Now, as oft mentioned here, our ability in deep water is about as good as a handicapped cat. Yet this doesn’t translate into any big fear of doing various aqua sports, especially when we have the safety of a life-jacket tied tightly around us. So we approached this undertaking with relative calm. Throw in the fact that our four on-raft guides and accompanying canoeist where ‘putting their minds/senses at ease’ before we even started – something they also did mid-way through and at the end – made us feel that this wasn’t anything to get too worked up about. Perhaps that was all part of their plan.
|'This will be easy'|
We did though do some head-scratching when a luminous wristband containing an emergency services phone number was put around us before the off. We wager this was to be of help to some passer-by in case they found our unconscious, battered body – ‘a one-step guide on what to do if you find human remains’ in a sense. It was, however, valid for just one day; sure you can’t be bothering emergency services with cases more than a day old, can you?
That aside, after a brief dry-run through the various call instructions by our ‘skipper’, the real action got off to a steady start. Although the lads’ persistent criticism of our rowing ability was a little annoying at times – they were lucky they didn’t get an oar in the head at a few stages.
In any case, a little further on we all had greater things to concern us than getting hit in the head by somebody, accidentally or on purpose. That’s because Suárez began to show its teeth. And that meant us taking a ‘dip’ – well it was more like being in a washing machine on its final spin we imagine – on more than one occasion. It certainly got the heart racing – the key being just to go with the flow and hope you don’t smash your body on a rock.
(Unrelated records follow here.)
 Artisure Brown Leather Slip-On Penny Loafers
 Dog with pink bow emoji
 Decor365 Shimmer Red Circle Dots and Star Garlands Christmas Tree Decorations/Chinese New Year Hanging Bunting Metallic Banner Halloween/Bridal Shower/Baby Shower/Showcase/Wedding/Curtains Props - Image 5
Having ‘gone over’ a number of times, it was with a little trepidation that we approached the infamous ‘La Fantasma’* (The Ghost) section of the river. This is a decent sized stretch with powerful rapids where if you were to fall out early on, you’d be waiting some time and would have encountered a few hefty rocks before you floated to calmer waters.
|Steady as she goes...|
That our guides stopped to assess it before we went through and had the canoeist do a solo run also got us thinking; should we pass on this one? We’d already had a good thrill, so why quite literally ‘push the boat out’ further for something that looked like it could dangerously get the better of us? Heck though, we’d gone this far, we might as well make the final push – get our money’s worth (you know how important that is to us).
If there was any doubt in our minds about how rough this part was, the sight of one of the guides blessing himself before we got going put it firmly into focus. His plea to the gods worked anyway – well maybe it was more a case of lots of luck mixed in with us working a bit better as a team that saw us through in one, whole piece.
So a few minor bumps and bruises apart and conveniently overlooking our earlier mishaps, we like to think we ‘tamed’ Suárez.
We certainly survived it anyway. Alas there’s a lack of a t-shirt proudly proclaiming so.